Colère des agriculteurs Pourquoi les revenus agricoles sont-ils au cœur des revendications ?
Parmi les principaux motifs d’exaspération des agriculteurs qui manifestent depuis une semaine figure la faiblesse du revenu. Cependant, de nombreuses disparités existent entre filières et entre les agriculteurs, et d’autres facteurs entrent en ligne de compte, comme le niveau de vie des ménages agricoles, le temps de travail, l’inflation, ou la part du revenu non agricole.
Vous devez vous inscrire pour consulter librement tous les articles.
D’après les derniers chiffres de l’Insee, les agriculteurs ont gagné en moyenne 1 620 € par mois en 2021, année qui marque par ailleurs un redressement important des revenus agricoles. Ce chiffre cache des disparités très importantes entre filières avec des éleveurs d’ovins, caprins et équidés en bas de tableau à 680 €/mois, et des producteurs de légumes à 2 800 €/mois.
Le niveau de vie est également très inégalitaire entre agriculteurs, puisque « l'écart entre les 10 % des ménages les plus aisés et les 10 % les plus modestes est un multiple de 4,7 chez les ménages agricoles, contre 3,4 pour la moyenne des ménages français », note l’Insee.
Si le niveau de vie médian des ménages agricoles est par ailleurs à peu près équivalent à la moyenne nationale, le temps de travail des agriculteurs s'avère supérieur à celui du reste de la population, avec une moyenne de 53,6 heures par semaine (Insee, 2018), ce qui contribue sans nul doute au manque de reconnaissance ressenti par la profession agricole.
Plus de la moitié des revenus issus d’une activité non agricole
Les derniers chiffres, qui datent de 2018, indiquaient par ailleurs que seulement 34 % des revenus disponibles des ménages agricoles proviennent directement de l’agriculture. « Dans les ménages agricoles, les revenus salariaux (ou indemnités chômage), généralement perçus par le conjoint d’un agriculteur, sont supérieurs aux revenus agricoles. Ainsi, si les agriculteurs ont un niveau de vie comparable au reste de la population et sont moins touchés par la pauvreté, cela n’est pas dû à la prospérité de leur activité agricole mais plutôt au soutien financier que les agriculteurs perçoivent de leur conjoint ou des revenus annexes à l’exploitation agricole (deuxième emploi salarié, revenus du patrimoine par exemple) », estime de son côté le cabinet Asteres, qui a rendu une note sur le sujet le 24 janvier.

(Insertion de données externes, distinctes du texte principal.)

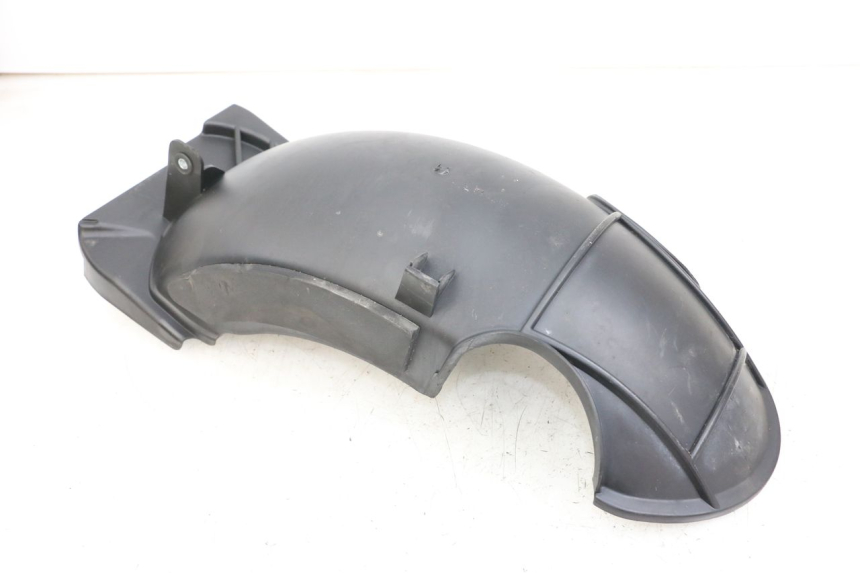 photo de PARALAMA TRASEIRO KYMCO DINK STREET 125 (2009 - 2014) - Vista principal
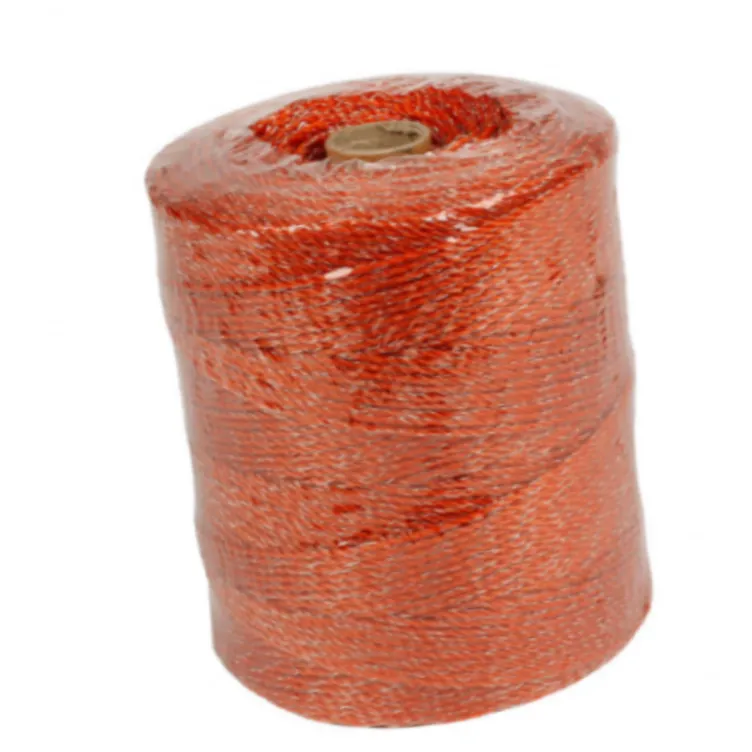 Žica za električni pastir 2.5mm250m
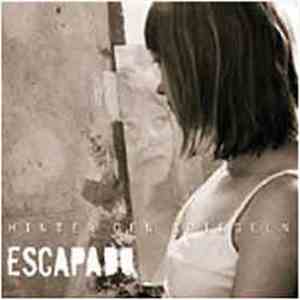 Escapado - Hinter Den Spiegeln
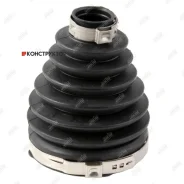 ������� ����� /�������� Jikiu ��� Mazda Atenza 2012 Axela 2009-2013 Toyota Corolla 2000-2014 ZZE122R/ZRE141R/ZZE120L/CE120/NZE120; �CD21022; GG6322530...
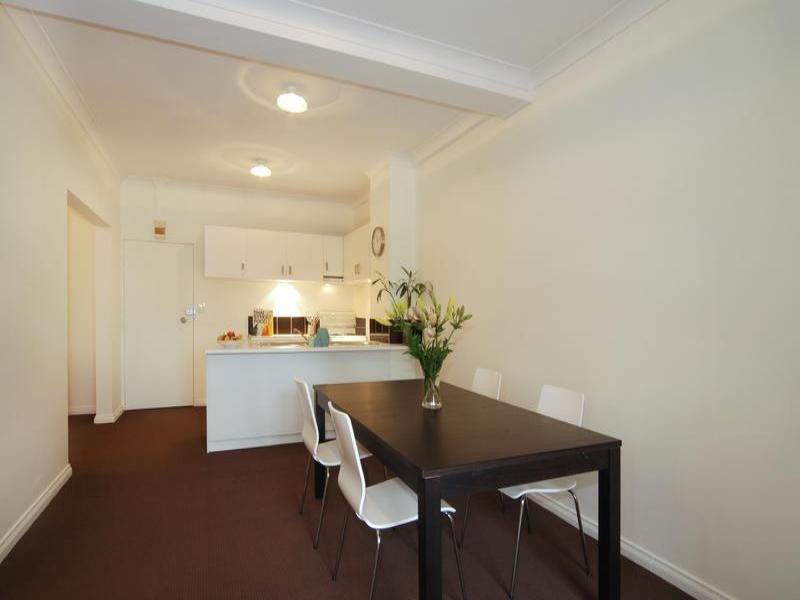 11/1 Waterfall Terrace, Burnside SA 5066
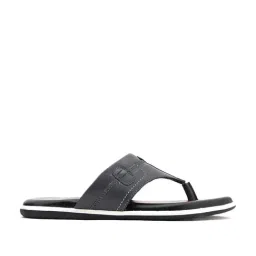 British Walkers by Khadim's Men's Grey Thong Sandals-picture-48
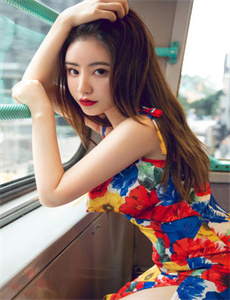 《八戒八戒手机视频-女儿的朋友中字头》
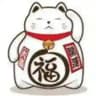 金边会所 中高端可外送 @德总😀ོ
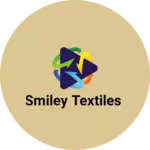 Business logo of Smiley textiles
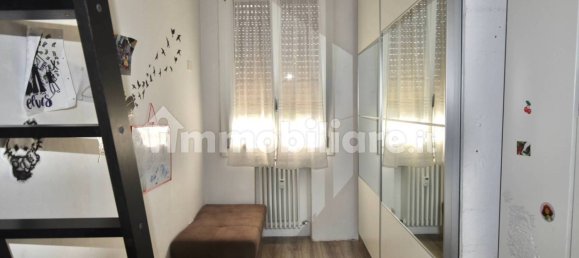 3 Schlafzimmer Wohnung in Argelato, Italy, Nr. 273604 19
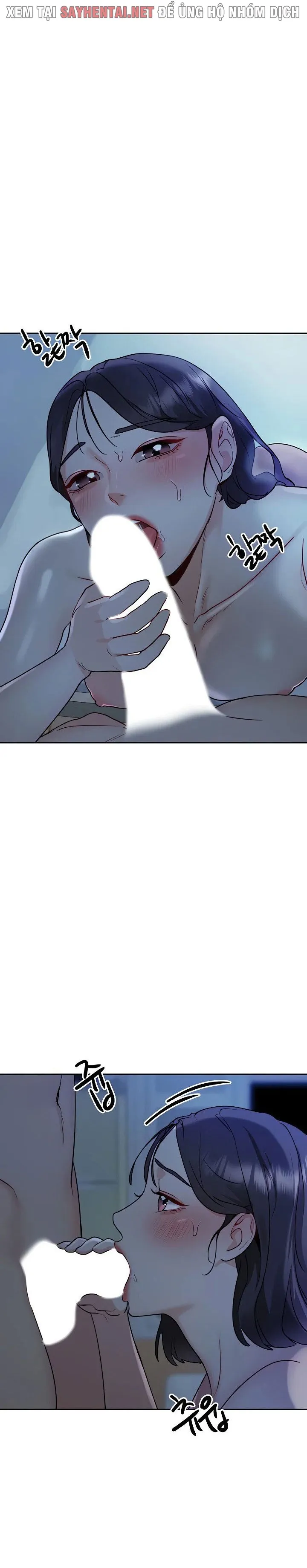 chapter-16-2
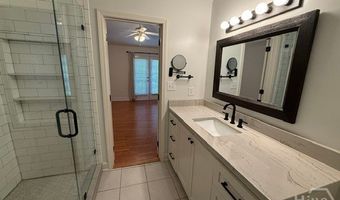 110 Wood Lake Dr 17, Athens, GA 30606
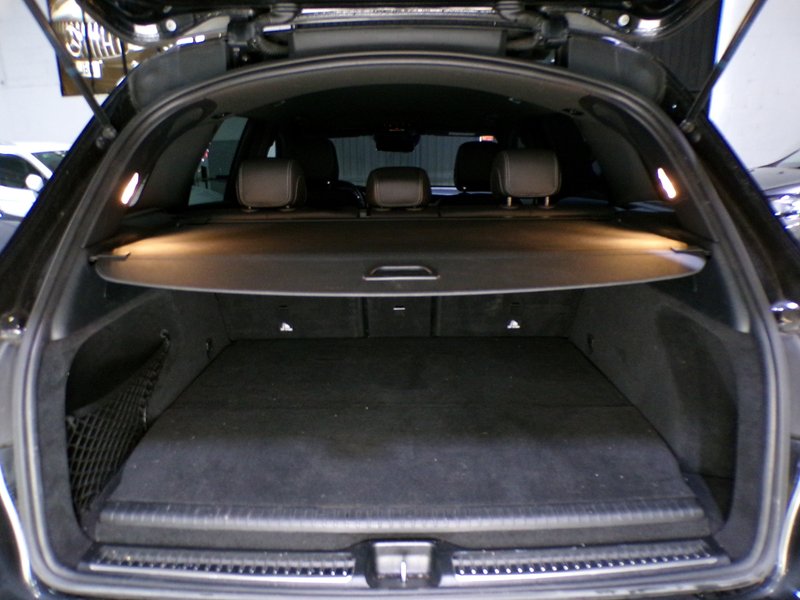 Mercedes-Benz GLC 2021, foto 13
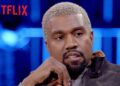 Kanye West Loses It Over Kardashian On Livestream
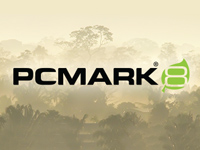 pcmark-8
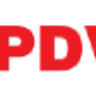 pdvsa logo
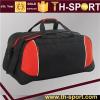 Cheap Sport Bag Product Product Product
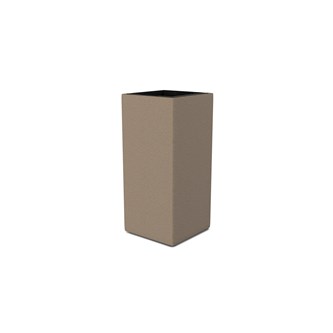 Floris blomlåda/avdelare B36,5xH81 cm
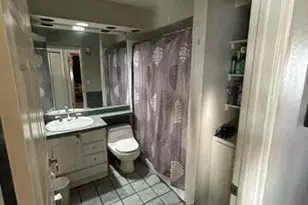 453 W 3rd Pl, Mesa, AZ 85201 - Photo 3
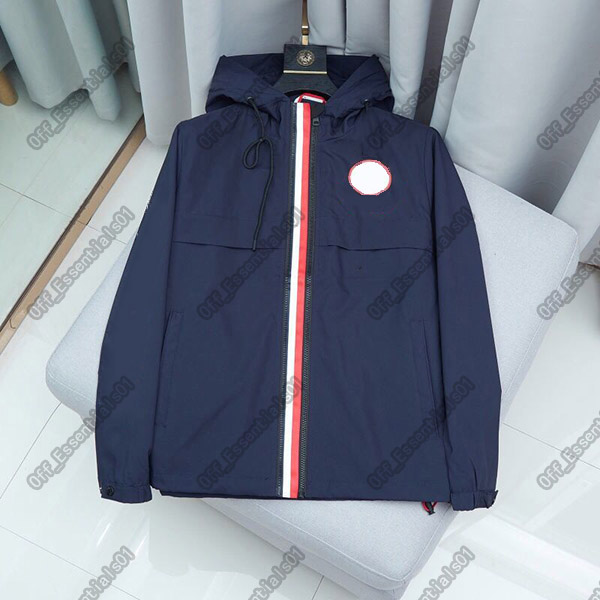 Bomber jackets Letters on sleeve mens jacket France monclair High Quality Brand coat Casual Street coats Szie M--XXL, Black;brown
Bomber jackets Letters on sleeve mens jacket France monclair High Quality Brand coat Casual Street coats Szie M--XXL, Black;brown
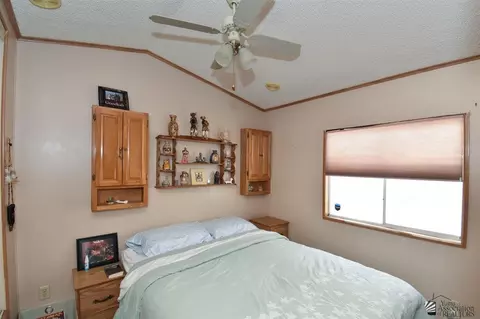 13231 E 45 Dr, Yuma, AZ 85367 photo 13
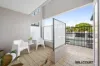 5/28 Banksia Terrace, South Perth, WA 6151-Image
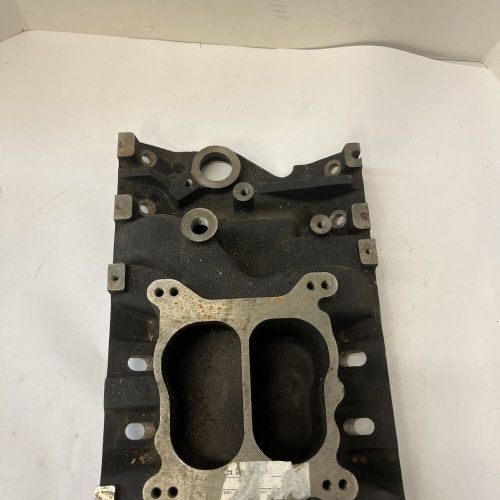 Intake manifold 1805008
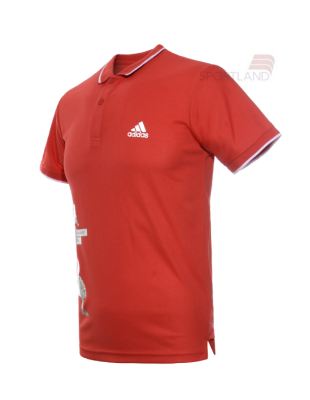 تی شرت روزانه مردانه آدیداس Adidas Baracoa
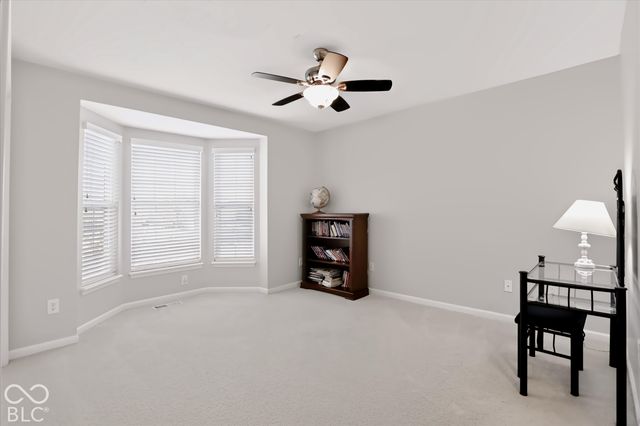 13021 Witherbee Lane, Fishers, IN 46037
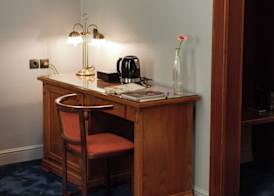 hideauts hotels Villa R 5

Depuis l’inflation, des prix de vente insuffisants
« Depuis le choc inflationniste de 2021-2022, les prix de vente des agriculteurs suivent péniblement la hausse des coûts », souligne Asterès. Ainsi, l’inflation sur les achats des agriculteurs (engrais, carburant, matériel agricole par exemple), ne prend pas en compte les salaires, les impôts ou les aides, et « a dépassé 25 % à la mi-2022 en glissement annuel, du fait de blocages sur les chaînes de valeur et de l’envolée des prix de l’énergie, notamment après le déclenchement de la guerre en Ukraine », précise la note. Si les prix de vente ont d’abord suivi, ils se sont par la suite retournés plus vite que les prix des intrants.
C'est la raison pour laquelle les agriculteurs exigent la stricte application des lois Egalim, ces dernières devant leur assurer la prise en compte de leurs coûts de production. Or, la sanctuarisation de la matière première agricole a parfois fait les frais de l'inflation et des appels du gouvernement à maintenir le pouvoir d'achat des Français en limitant la hausse des prix de l'alimentation. Dans ce contexte, l'application de nouvelles taxes, qui réduisent encore le revenu disponible, est forcément mal venue pour les agriculteurs.
Un revenu disponible par actif agricole en baisse
D'autant plus que, si l’on regarde l’évolution sur 30 ans, le revenu moyen par actif agricole a augmenté, en lien avec la diminution du nombre d’agriculteurs, mais le revenu moyen disponible par actif, qui permet à l’agriculteur de se rémunérer et de financer les investissements sur son exploitation, est resté relativement stable voire, diminue, notamment dans certaines filières, établit un rapport du CGAAER, publié en décembre 2022.
En parallèle, le niveau d’aides publiques, deuxième composante principale du revenu des agriculteurs, est en constante diminution depuis 2003, relève le CGAAER. Or, en 2019, les aides directes représentaient en moyenne 74 % du revenu courant avant impôt (RCAI).
Le rapport concluait à la nécessité d’amplifier les débats sur les revenus agricoles, en prenant davantage en compte la diversité des systèmes, de diversifier les revenus agricoles, de renforcer les compétences des agriculteurs mais aussi de réguler davantage les marchés, notamment à travers la Pac post 2027. Des constatations plutôt en phase avec les revendications des agriculteurs.